In a recent Infogain interview, the following five questions were asked for the Data engineer role. Here are the questions and answers for your preview.

Data engineer infogain interview questions
Photo by George Milton on Pexels.com

1. Partitioning Vs. Bucketing in PySpark?

In the interview, you can say these points:

Partitioning:

  • It divides data into smaller manageable parts based on the column value
  • So, to understand column value, let us say you have sales data for years 2019, 2020, 2021, etc.

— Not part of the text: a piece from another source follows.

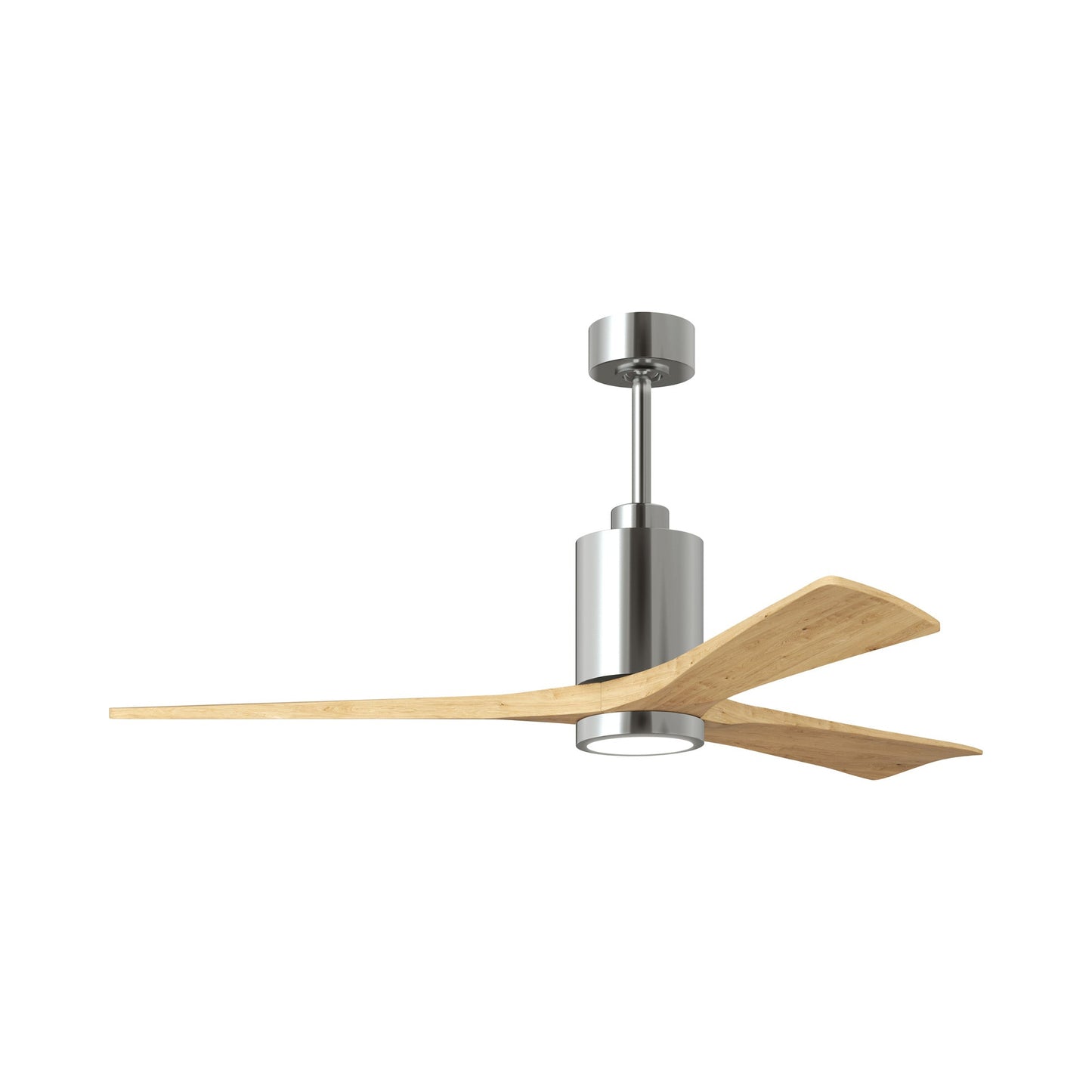 Patricia 3 Indoor / Outdoor LED Ceiling Fan in Polished Chrome/Light Maple (60-Inch).
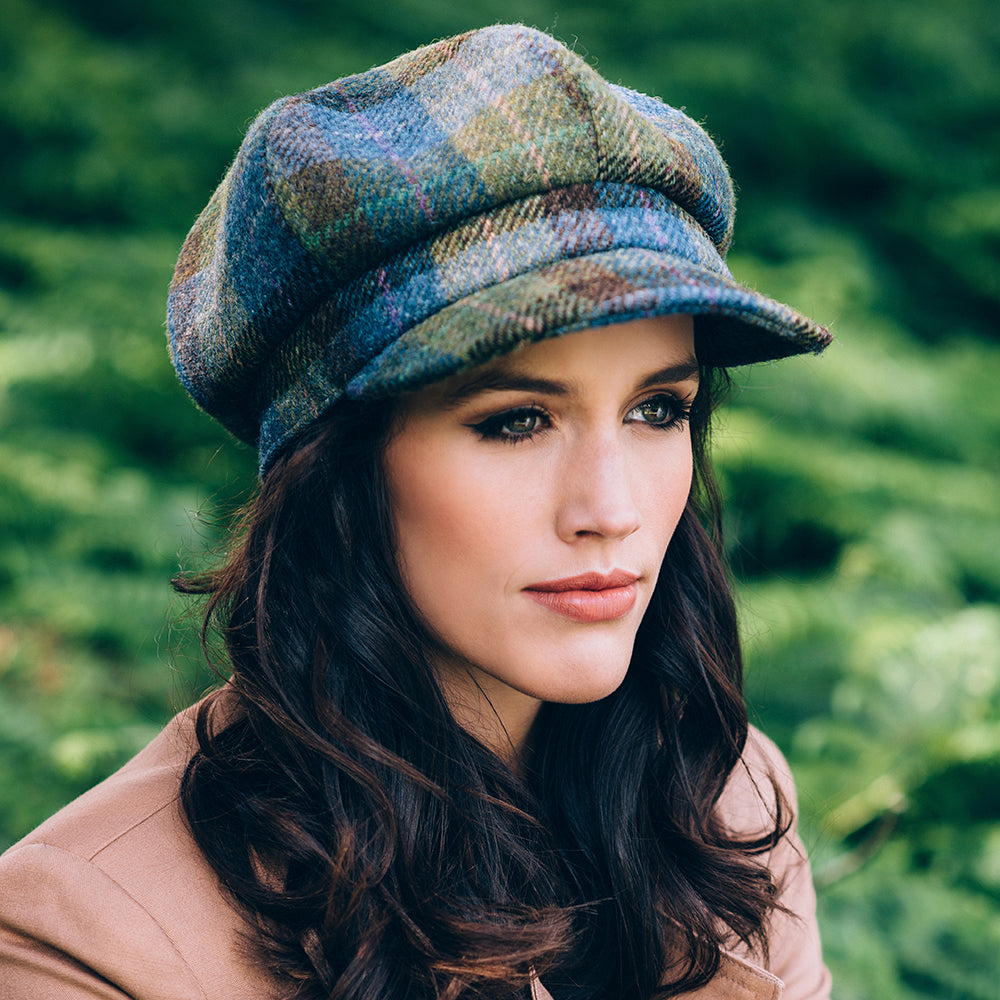 Failsworth Hats HARRIS TWEED Gabby Baker Boy Cap - Blue-Green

During the partitioning, it partitions the data of 2019 to one, 2020 to one, and 2021 to one
  • PySpark can bypass partitions that don’t meet the filter()/where() conditions, speeding up processing.

Bucketing:

  • Bucketing minimizes data shuffling in Join operations and requires grouping data by bucketed columns.
  • Bucketing improves performance for joins and large datasets by reducing data movement.
  • Here, you will see an example of creating a bucketed data frame:
from pyspark.sql import SparkSession
# Create a SparkSession
spark = SparkSession.builder \
    .appName("Bucketing Example") \
    .getOrCreate()
# Read the dataset
df = spark.read.format("csv").option("header", "true").load("path_to_input_data")
# Bucketing options
num_buckets = 10  # Specify the number of buckets
bucket_column = "customer_id"  # Specify the column to bucket on

# Bucket the dataset
df.write.format("parquet") \
    .bucketBy(num_buckets, bucket_column) \
    .saveAsTable("bucketed_table")
# Stop the SparkSession
spark.stop()

CGI PySpark Interview Questions

2. How do we read petabyte-size file data in PySpark?

Normally, Spark’s operators spill data to disk if it does not fit in memory, allowing it to run well on any sized data.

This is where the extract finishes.